I'm linking here from quantifier elimination, but there random graph seems to have somewhat different meaning: it's the graph which contains every finite graph as a subgraph or something like that. I would expect that there is a correlation between them, but these do not seem to be entirely identical notions. Anyone has insight into this? I hope to check this at some point. -- vkuncak

Oh yes vkuncak: on the one hand *THE* random graph is certain specific (unique up to isomorphism) graph with an infinite number (more specifically ) of vertices, on the other hand (informally) *A* random graph is a graph generated by some random process. More formally, it is any graph when viewed as a point in some probability space... in this latter view it's more common to talk about *random graphs* in plural, like in "random graphs have diameter 2"... however, most specialist would say "almost every graph have diameter 2" instead.

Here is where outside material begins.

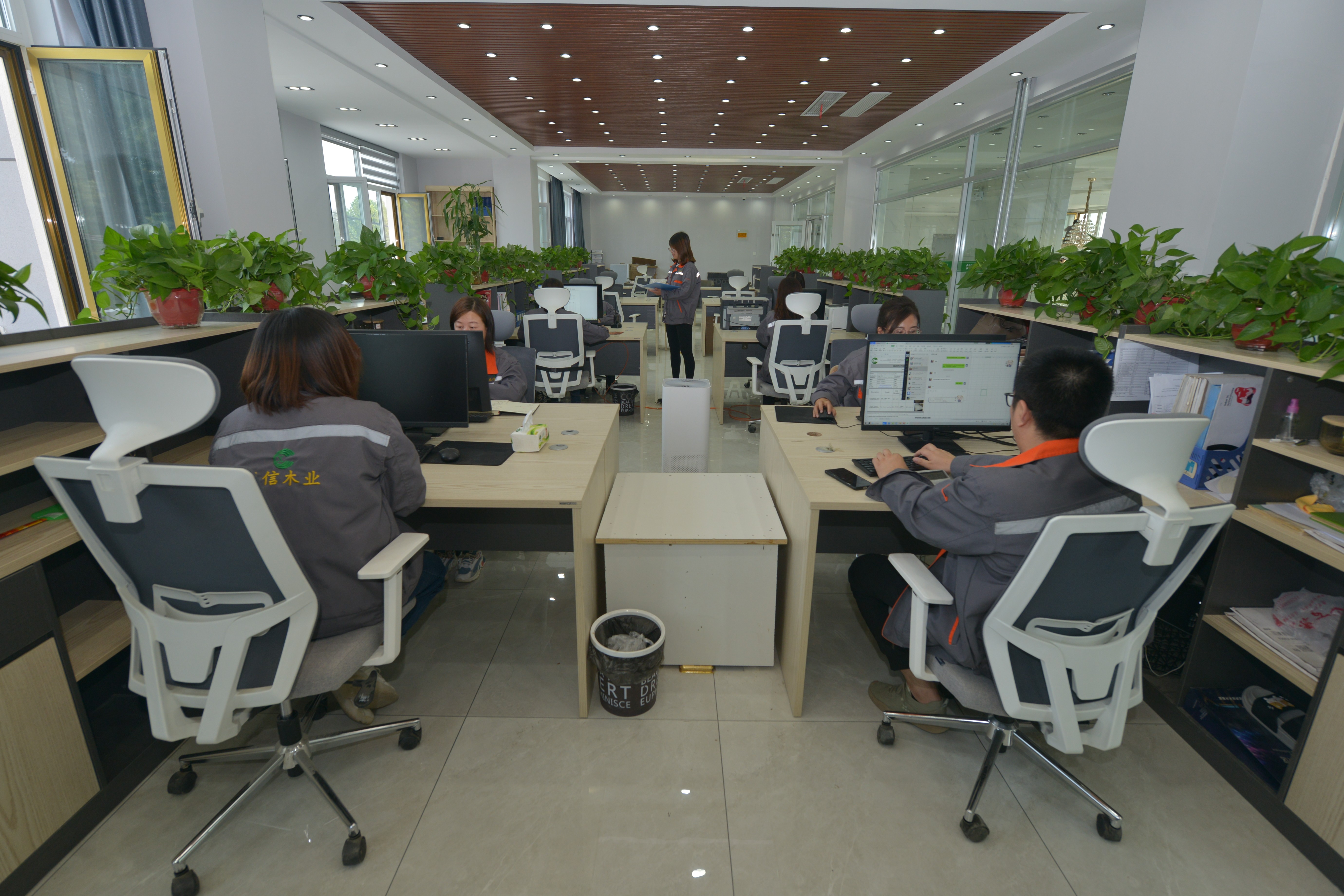 Linqing Chengxin Trading Co., Ltd. – plywood 2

There is a very nice *equivalence* (so to speak, under certain restrictions) of both pictures, thanks to a marvelous theorem discovered independently by Fagin (on the one hand) and Glebskii, Kogan, Liogon and Talanov (on the other). In my opinion, the best source for this theorem is the excellent book by Joel Spencer "The Strange Logic of Random Graphs"... needless to say this is not but the tip of the iceberg. Xaman 23:32, 3 May 2006 (UTC)

[edit] What does percolation have to do with random graphs ?

And why is there a "blah blah blah etc." ? Is this a case of vandalism ? I'm writing this on 29-4-2006. I'll wait for a couple of months and if the percolation part has not been explained by then, I'll erase it.

29-6-2006: I'm glad to see that the "blah blah" part has been erased but the reference to percolation has not been explained. I've read the article on "percolation" and although some things mentioned there do have a graph structure no connection is mentioned or is obvious specifically with random graphs. A lot of things have a graph structure and there's no more reason for percolation to be there than for dozens of other things. So I'm erasing the reference to it. I'll check again in the future to see if anyone objects.

04-11-2006: Percolation indeed has to do with random graphs. Suppose the graph grows with small-sized edges in something solid. What's the probability of any vertex touching the other side of the solid wall? That's percolation. And that's also r.g.62.118.128.63 01:12, 4 November 2006 (UTC)

[edit] Erdos-Renyi model

Is the Erdos-Renyi model related to random graphs? It would be great if the Erdos-Renyi model article would be created, as there are a bunch of articles which link to it. Oleg Alexandrov (talk) 16:45, 28 January 2007 (UTC)

[edit] visualizations

What this page really needs are some visualizations of random graphs versus other more organized graphs. You can see the difference when you look at them. Pwoolf (talk) 19:18, 8 May 2008 (UTC)